In the past few weeks, North Korean dictator Kim Jong-un has been dominating international headlines with his repeated saber-rattling, and the story has gone on to inspire a vast amount of internet parody memes. Buzzfeed recently published a big roundup of the funniest examples, while Know Your Meme has been tracking the “Hungry Kim Jong-un” set of memes for a few months now.
The title of the Buzzfeed article, “The Internet is Really Not Afraid of Kim Jong-un,” is particularly interesting from my perspective. Here, “the Internet” is framed as a singular entity – one that is characterized by the derisive humor of Reddit-style meme culture. Obviously, this sort of activity only constitutes a small fraction of the online discourse that is currently taking place around the North Korea issue (some of it “high-minded,” some of it “low-minded,” and much of it in between), and yet somehow it comes to stand in for the whole. Of course, humorous memes are the bread and butter of a site like Buzzfeed, so it’s unsurprising that they would focus on this specific facet of what the internet has to offer. It just seems to me that this sort of reductionist talk about “the internet” is becoming more and more common as of late (as in the AV Club’s “Great Job, Internet!” feature), and it would be wise to take a step back and appreciate the breadth and variety of online political discourse. After all, “television” is not just late-night comedy monologues (the obvious precursor to these sorts of memes), so why is “the internet” so often painted as merely a factory of flippancy?

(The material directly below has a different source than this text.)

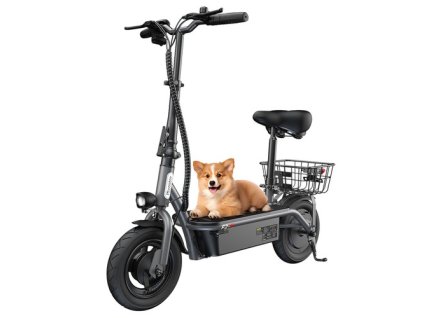 iScooter F2 Electric Scooter with Seat & Rear Basket, 500W Motor, 36V 7.8Ah Battery, 10 inch Tires, 30km/h Max Speed, 30km Range, Front & Rear Drum Brakes, 120kg Max Load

That being said, I would refrain from labeling the Kim Jong-un memes as “bad” discourse, political trivialization, etc. As scholars of mediated political satire like Jeffrey P. Jones have shown, this sort of seemingly-frivolous humor can enliven the public sphere and bring new entrants (particularly young people) into the realm of civic participation and citizenship. Indeed, it is rather heartening that the meme-spreaders of “the internet” are tackling the latest developments in international politics in addition to the usual repertoire of cute cats and celebrity gossip. While it might be merely laughing in the face of serious global tensions, these memes are getting people to think and talk about issues that they may have otherwise ignored. Great job, internet, indeed.